Carroll: You know, to me, there are two kinds of music, nowadays. There’s commercial art, and it’s art, and it takes a lot of creativity and academics to get that done, what we’re listening to, some of that stuff. I do get a little indifferent about—I know this is going to strike you as odd—but I’ll tell you the truth, since you asked me: I miss drama; I miss people that know how to act and sing. Like Nancy Wilson, Nina Simone, Ella Fitzgerald, Frank Sinatra, Jimmy Durante, Eartha Kitt. These people knew how to dramatically sell a song by putting their heart into it. You could see it. You could feel it. Now the churchy thing that where people are hitting three octaves and twisting it around in a gospel way, and all the white kids too as well, it’s powerful and it’s wonderful but boy, there’s so much of it, Kirk, it’s just crazy. I want to see acting. I love acting. I like people to become the part that they’re singing, you know.
BBP: But when you say that though, do you mean like they’re acting on stage? When they’re doing records? Videos?
Carroll: If you listen to Nancy Wilson’s “Guess Who I Saw Today?” you’re going to be told a story. She’s going to act it out; she’s going to let you know what she saw today. (laughs)
BBP: Yeah, you’re cheating on her, right…

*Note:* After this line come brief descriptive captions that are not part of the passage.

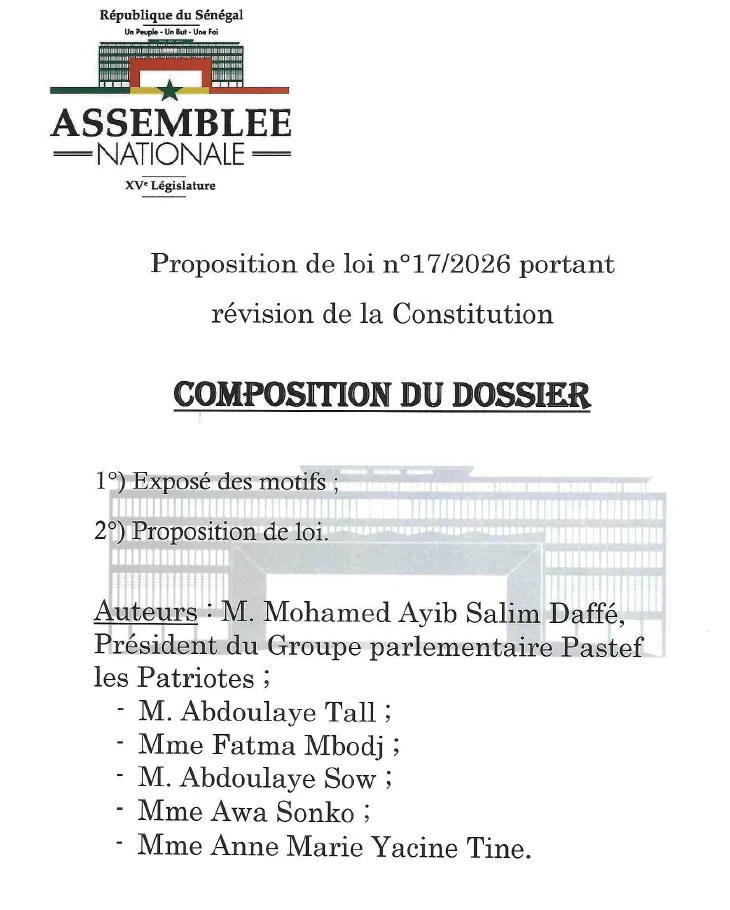 Proposition de loi n°17/2026 portant révision de la Constitution – Assemblée nationale du Sénégal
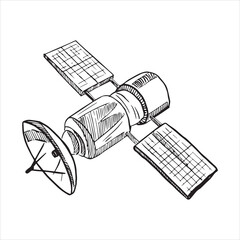 Space satellite  icon vector art illustration.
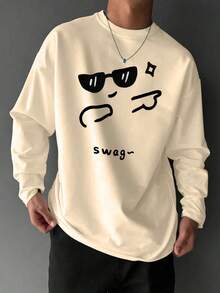 男士休闲日常眼镜字母印花长袖T恤 | 时尚 | 展现您的风格，秋季款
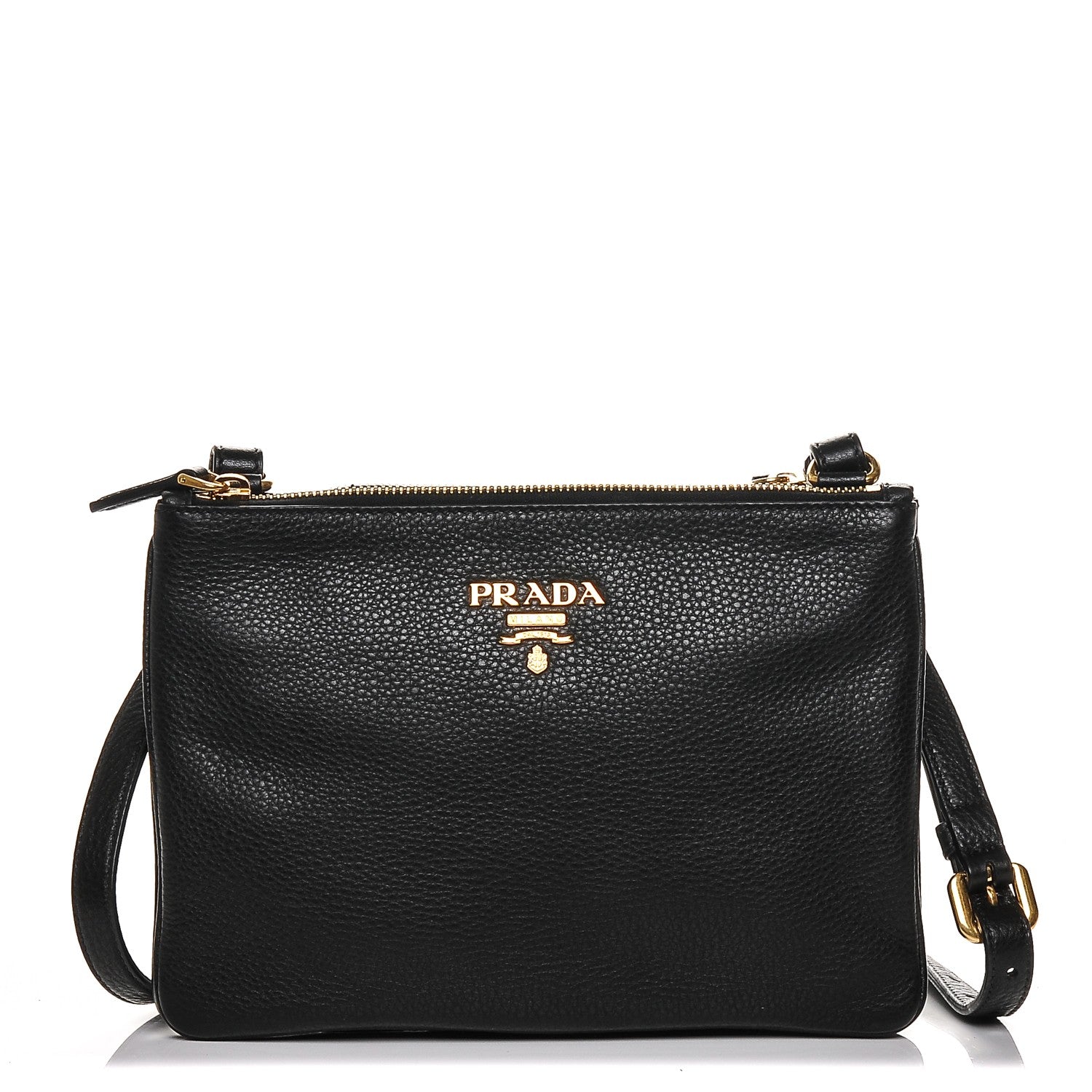 Prada Vitello Phenix Double Zip Crossbody Bag Black 1 of 8
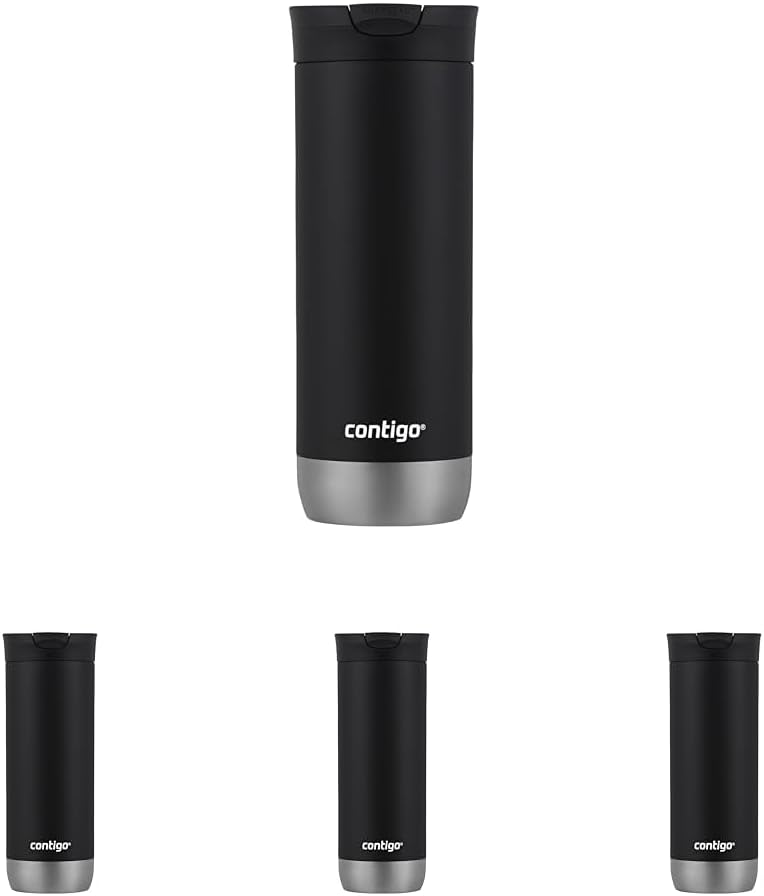 Huron Vacuum-Insulated Stainless Steel Travel Mug, 16oz Licorice - Leak-Proof Lid for Hot/Cold Beverages, Fits Most Cup Holdersand Brewers (Pack of 4)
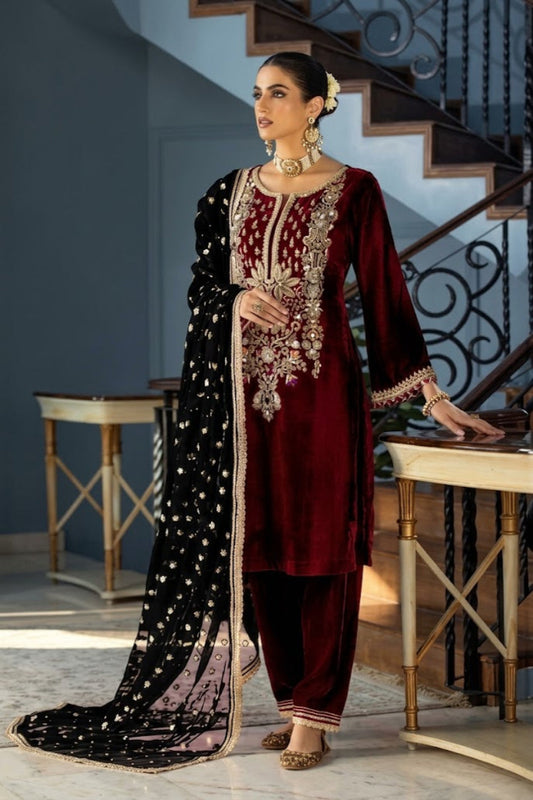 Royal Maroon & Black – Premium Velvet Suit | Ready to Wear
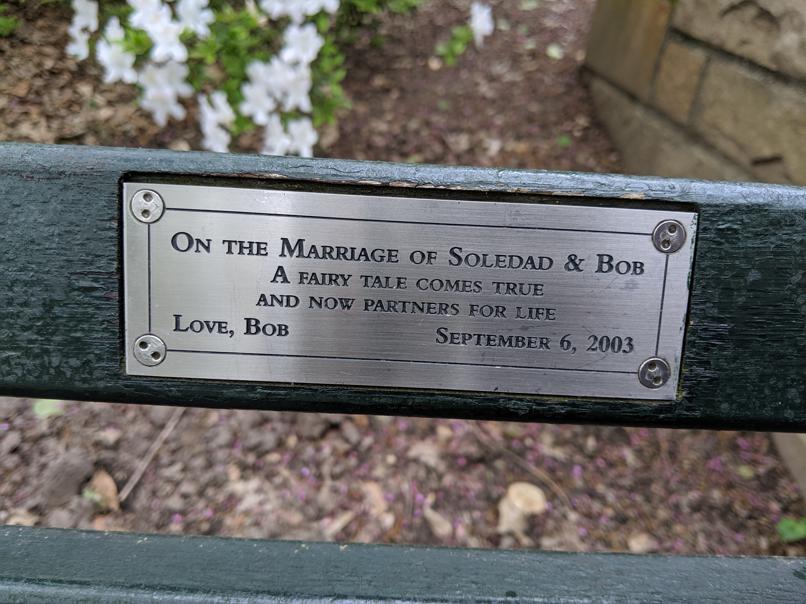 I saw this bench in Central Park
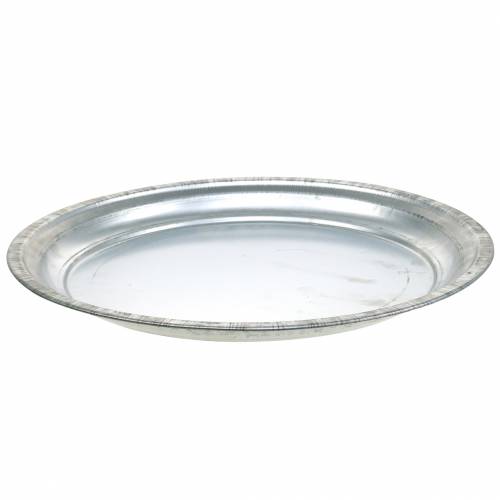 Floristik24 Plato decorativo metal plateado brillante Ø36cm H3cm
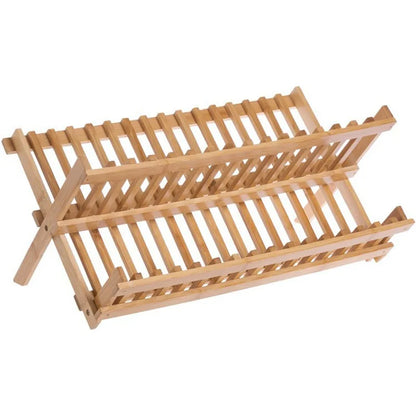 Bamboo Dish Drying Rack — 8 Grid, Foldable Drainage Board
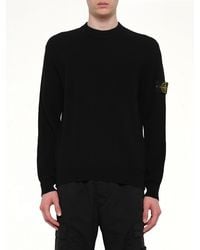 Stone Island - 5100154 Ribbed Cotton Crewneck Sweater - Lyst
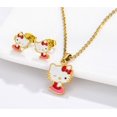 thumbnail image 4 of Collar con colgante de gato chapado en oro, conjunto de joyas con pendiente de tuerca, joyería de acero inoxidable de Hello Kitty al por mayor, 4 of 4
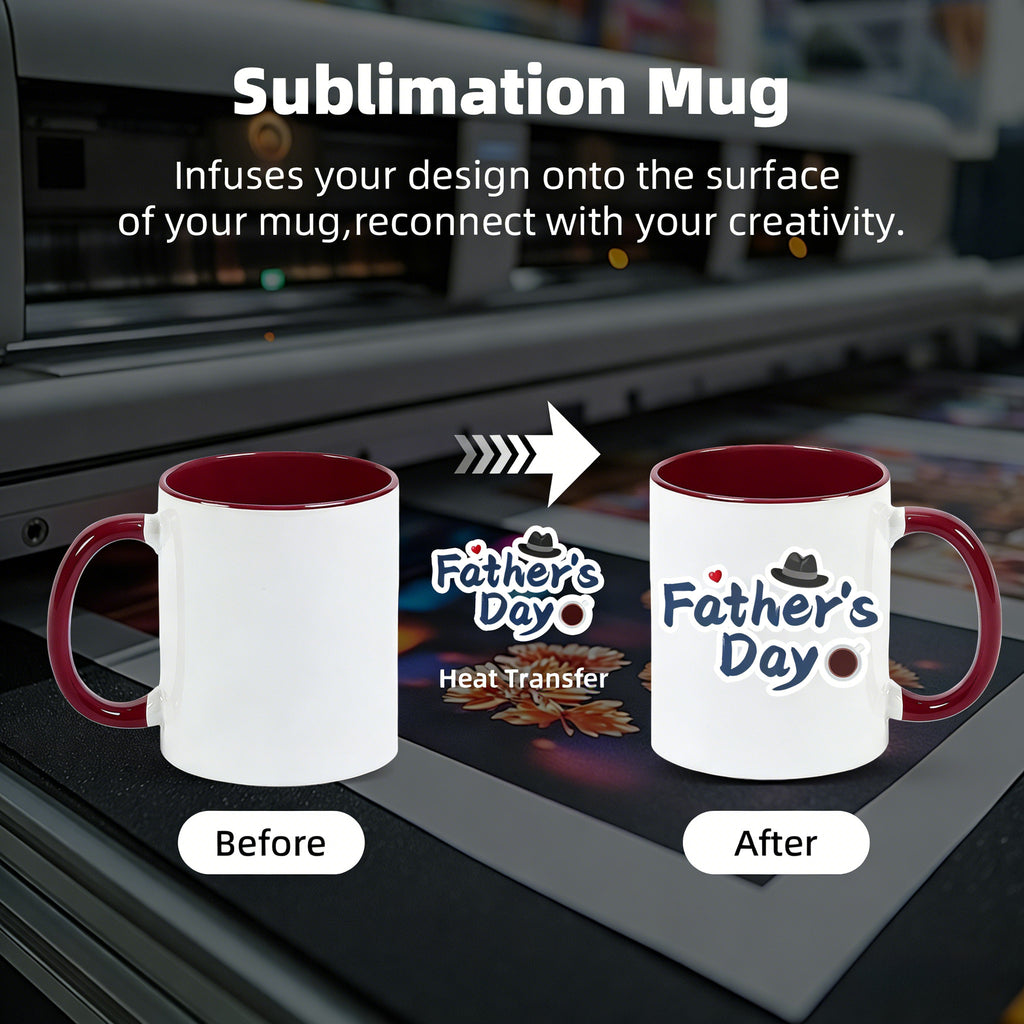 11oz Two-Tone Sublimation Mug Blanks with Colored Handle & Inner (Individual Box)
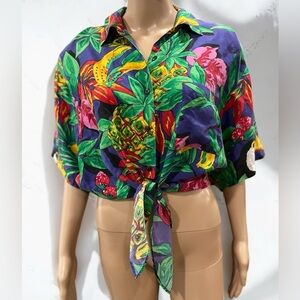 Vintage ‘80’s Tie front cropped shirt bold tropical pattern silk Large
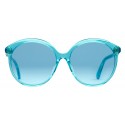 Gucci - Specialized Fit Round Frame Acetate Sunglasses -Transparent Blue Acetate - Gucci Eyewear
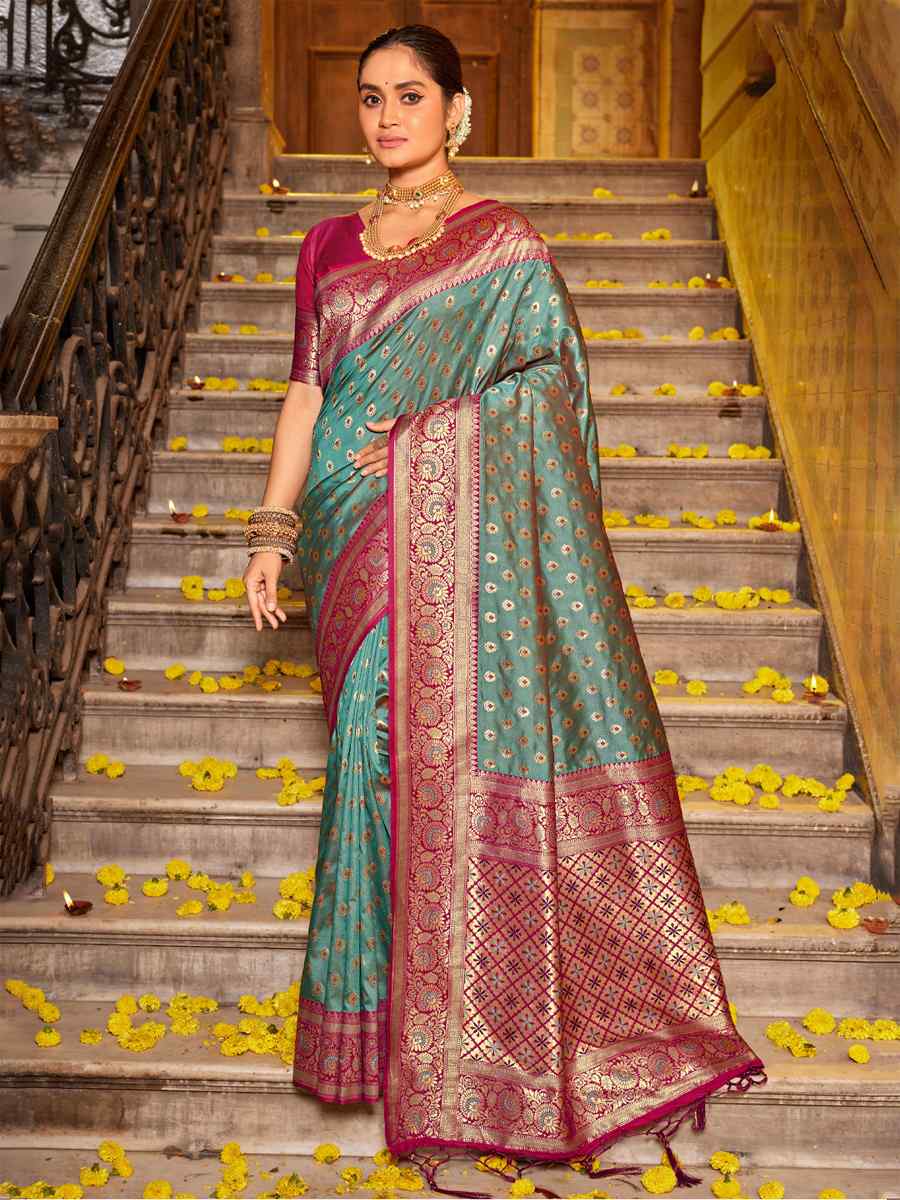 Sea Green Banarasi Silk Handwoven Traditional Bridal Reception Festival Wedding Fancy Heavy Border Saree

Carroll: She’s not after knocking you out with her vocal chops; she already knows those are there. She’s very confident in that part of it. But—I don’t know, you asked me and that’s what I miss. I’m not saying that there are not talented people out there, because there’s some wonderful talent out there. But I’m starting to get a little bored with the “stay in the studio” thing and pile up tracks, and see how you can shape the sound. I kind of like the truth, I like to see people hit the floor and be what they are.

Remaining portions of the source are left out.